Two nearby exoplanets have yielded their clearest climate portrait yet
Astronomers have produced the first temperature maps of two Earth-sized exoplanets orbiting another star, using the James Webb Space Telescope to study TRAPPIST-1b and TRAPPIST-1c across complete orbits. The result is a stark one: both worlds appear to be rocky, airless planets with brutally uneven climates, their star-facing hemispheres heated to extremes while their permanent night sides plunge far below freezing.
The observations focus on the two innermost planets in the TRAPPIST-1 system, a compact seven-planet family circling a red dwarf star about 40 light-years from Earth. The system has been a major target for exoplanet science ever since its discovery, partly because several of its worlds lie in or near the star’s habitable zone and partly because red dwarfs are the most common stars in the Milky Way. Understanding what kinds of atmospheres their planets can retain is therefore central to the broader search for potentially habitable environments beyond the Solar System.
In the new work, an international team from the Universities of Geneva and Bern used Webb to observe TRAPPIST-1b and 1c continuously in infrared light for a total of 60 hours. By measuring thermal emission from each planet as it moved around its star, the researchers reconstructed how much heat was being radiated from the day side and the night side. That allowed them to create detailed temperature maps rather than infer climate conditions from more limited snapshots.
Tidally locked worlds with no sign of atmospheric heat transfer
The defining condition on both planets is tidal locking. Like the Moon’s relationship with Earth, the planets rotate in sync with their orbits, meaning the same face always points toward their star. On such worlds, there is no ordinary day-night cycle. One hemisphere experiences perpetual daylight, while the other remains in permanent darkness. If a substantial atmosphere exists, it can transport heat between the two sides and soften the temperature contrast. If no atmosphere is present, the thermal divide should be extreme.
That is essentially what Webb saw. TRAPPIST-1b reaches temperatures above 200 degrees Celsius on its day side, while the night side falls below minus 200 degrees Celsius. TRAPPIST-1c showed a similar pattern. Those huge contrasts are the key scientific result because they imply that heat is not being redistributed efficiently around either planet. In other words, there is no evidence in these observations for an atmosphere thick enough to smooth conditions between the hemispheres.

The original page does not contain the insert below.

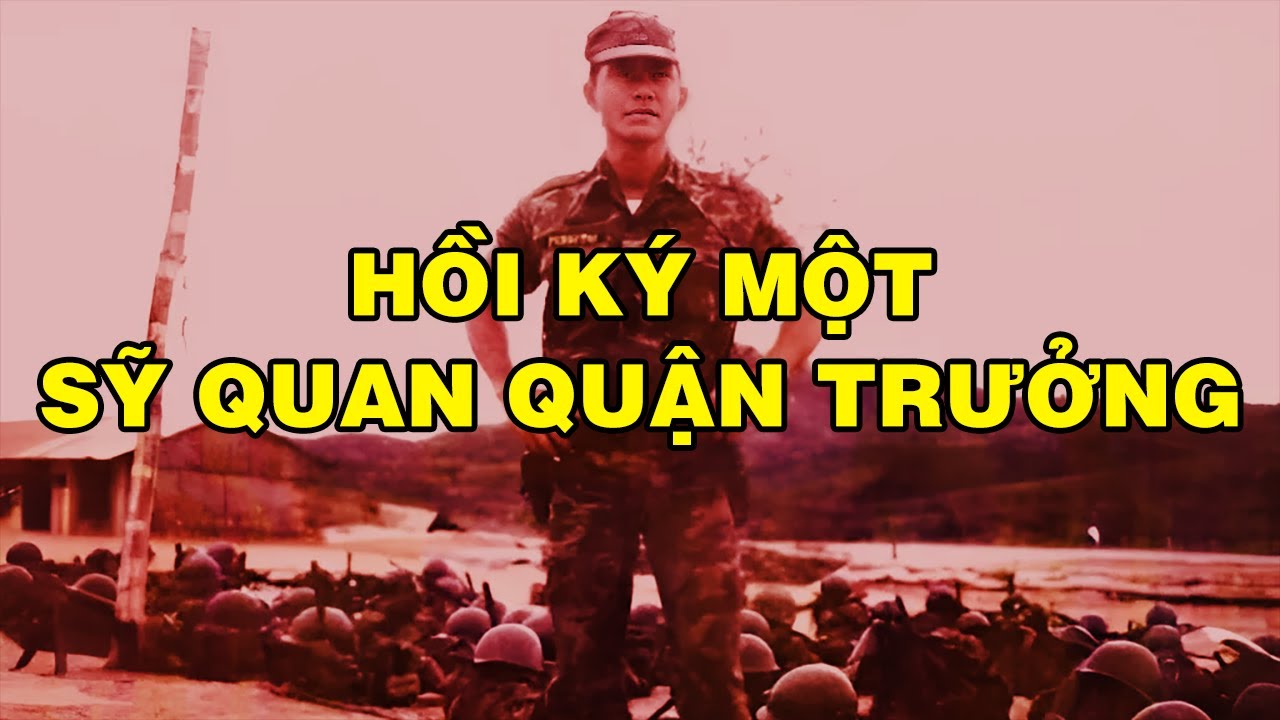 HỒI KÝ MỘT SỸ QUAN QUẬN TRƯỞNG | Hồi Ký Miền Nam VN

This finding narrows the range of possible interpretations for the two planets. The simplest reading is that both are bare rocky worlds. They are close to their parent star, heavily irradiated, and unable to maintain the kind of atmosphere that could moderate climate or support surface conditions remotely similar to Earth’s. That does not make the system less interesting. It makes it more legible. Exoplanet science often advances by ruling out plausible worlds as much as by identifying promising ones.